Infosec researcher Bruce Schneier recently wrote the essay “The Human Side of Heartbleed,”  which outlines the process of responsible vulnerability disclosure, that took place for Heartbleed.   This is nothing new.  The process of responsible vulnerability disclosure, was formalized by researchers and self-policed by members of InfoSec new groups that would discuss these vulnerabilities in great detail.  There is actually a draft standard of the “Responsible Vulnerability Disclosure Process” submitted to the Internet Engineering Task Force (IETF) by Chris Wysopal, former l0pht researcher and co-founder of the information security company Veracode and Steve Christey, Principal at Mitre (the company who currently maintains the CVE/CWE compatibility program.)  The interesting part of Bruce Scherer’s essay is the taxonomy of people that find vulnerabilities:

What happens when a vulnerability is found depends on who finds it.
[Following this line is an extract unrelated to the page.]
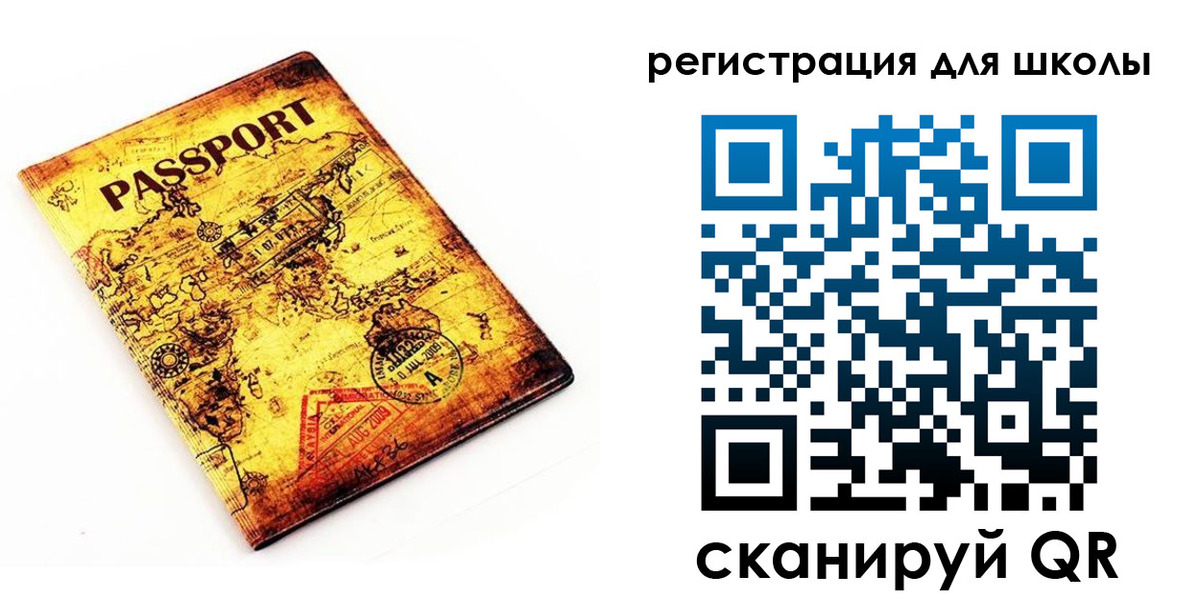 временная регистрация купить в Яранске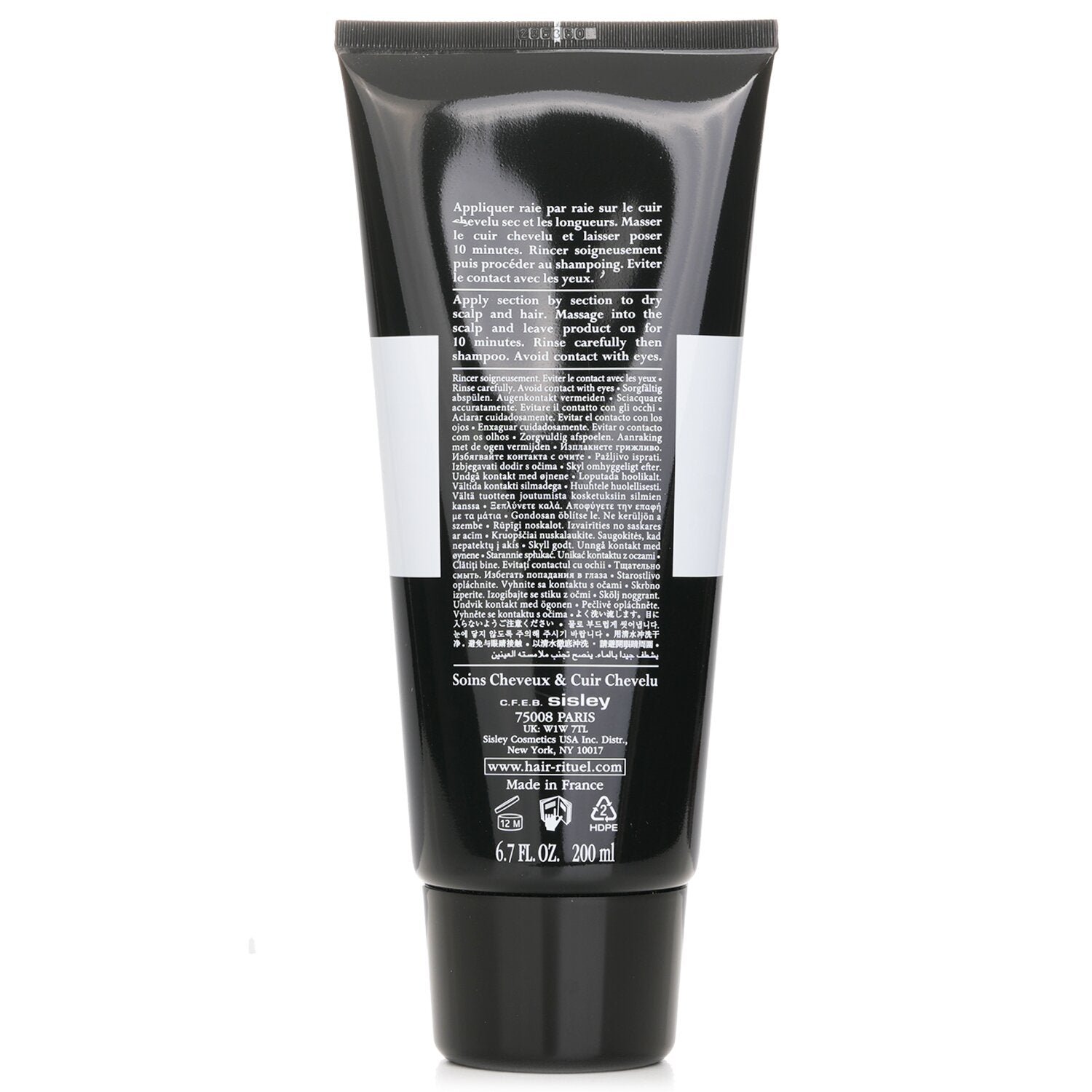 ماسك مطهر قبل الشامبو بالطين الأبيض Hair Rituel من Sisley من Sisley - صورة 3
If the vendor finds it, it quietly fixes it. If a researcher finds it, he or she alerts the vendor and then reports it to the public. If a national intelligence agency finds the vulnerability, it either quietly uses it to spy on others or -- if we're lucky -- alerts the vendor. If criminals and hackers find it, they use it until a security company notices and alerts the vendor, and then it gets fixed -- usually within a month.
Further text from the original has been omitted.